The evaluate the performance loss in the asynchronous case the framework allows to read the processing time of a single calculation in microseconds. For this purpose we provide you with the control interface generator (CIG) tool (located in part\_E/cig/cig.py), which automatically generates all the necessary communication components from a simple specification file: This includes an entity to be instantiated on the FPGA and a Python script to be run on the PC to send and receive data. A basic implementation was already added to the framework such that you are able to issue the following commands in the cig folder:

```
python3 control.py proc_time
python3 control.py result
python3 control.py ctrl
```

The first line retrieves the calculation time in microseconds, the second one the wrong result received if *LED0* is activated and the last one finally the request and acknowledge signals concatenated as shown in the top entity. Feel free to alter the interface using the file <code>cig/partE.yml</code>. Make sure to generate the required components by running <code>make</code> and instantiate the new entity appropriately. *Note: it is also possible to send data to the FPGA by declaring the type as output. In this case just append the desired value at the end of the execution of <code>control.py</code>. See the YAML file for details..* 

To run the CIG script be sure that you have the necessary python packages installed:

```
pip3 install —user docopt pyyaml BitVector pyserial
```

# Part F

In this subtask you will use the tool Workcraft [1] to generate asynchronous control circuits from Signal Transition Graph (STG) specifications. These circuits will then be used to replace the click controllers in our LCM circuit.

Before you start with the actual exercise it is a advisable to consult the Workcraft documentation. Good starting points are the help page on STGs <sup>4</sup> and the tutorial on how to model and verify a C gate <sup>5</sup>. Note that we provide the FPGA implementations of a C gate (normal, setable, resetable) in the part\_F/workcraft template directory.



Figure 3: Signal traces and their causality

Your task is to replace the click controllers with a design based on the signal trace shown in Fig. 3. Signals with index in denote the interface to the preceding unit and out those to the succeeding one. Design a suitable STG, use Workcraft to generate a corresponding circuit implementation and finally replace all the controllers in your solution of part A. Verify the correct operation by (i) simulations and by (ii) downloading the design to the FPGA and conducting measurements using SignalTap.

#### Part G

Finally, in the last task of this assignment you will deploy a quasi-delay insensitive approach. In detail adapt your solution from part A such that a four-phase dual rail protocol for communication is used. For further information on how to properly design the necessary units refer to the lecture from December 9th/17th or [2] and [4].
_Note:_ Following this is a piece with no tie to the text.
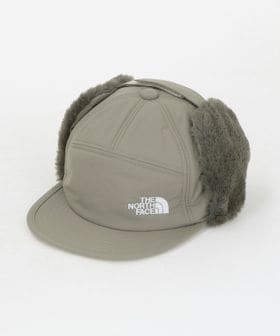 THE NORTH FACE/＜THE NORTH FACE＞バッドランド キャップ / キッズ  /キャップ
Similar to the previous part verify the correct behavior by simulations and measurements with SignalTap or generate an appropriate control interface using the CIG. Use the Altera Board for this Task. Add a description of the required adaptions of the pipeline stages and the computational units to your presentation.
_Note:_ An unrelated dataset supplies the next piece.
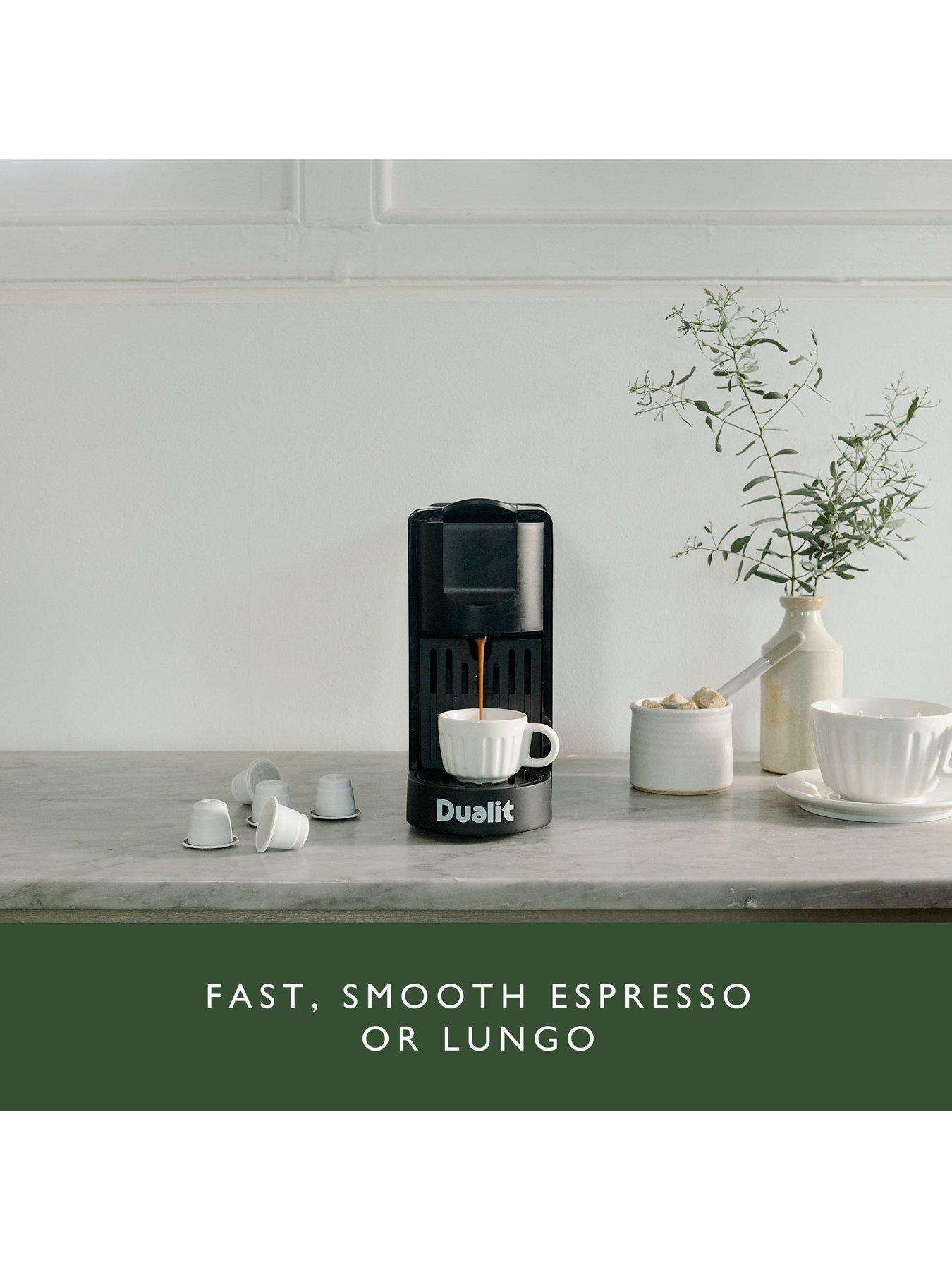dualit-dualit-coffee-pod-machinestillFront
<sup>4</sup>http://www.workcraft.org/help/stg\_plugin

<sup>5</sup>http://www.workcraft.org/tutorial/synthesis/celement/start

# **Bonus Task**

Adapt your solution of Part C such that it can be downloaded to the FPGA.

# References

- [1] Workcraft Website, 2016. www.workcraft.org.
- [2] F. Huemer and A. Steininger. Sorting network based full adders for qdi circuits. In 2020 Austrochip Workshop on Microelectronics (Austrochip), pages 21–28, Oct 2020.
- [3] A. Mardari, Z. Jelčicová, and J. Sparsø. Design and FPGA-implementation of Asynchronous Circuits Using Two-Phase Handshaking. In 2019 25th IEEE International Symposium on Asynchronous Circuits and Systems (ASYNC), pages 9–18, May 2019.
- [4] Jens Sparsø. *Introduction to Asynchronous Circuit Design*. DTU Compute, Technical University of Denmark, 2020. Paperback edition available here: https://www.amazon.com/dp/B08BF2PFLN.
- [5] Jens Sparsø and Steve Furber. *Principles of Asynchronous Circuit Design: A Systems Perspective*. Springer Publishing Company, Incorporated, 1st edition, 2010.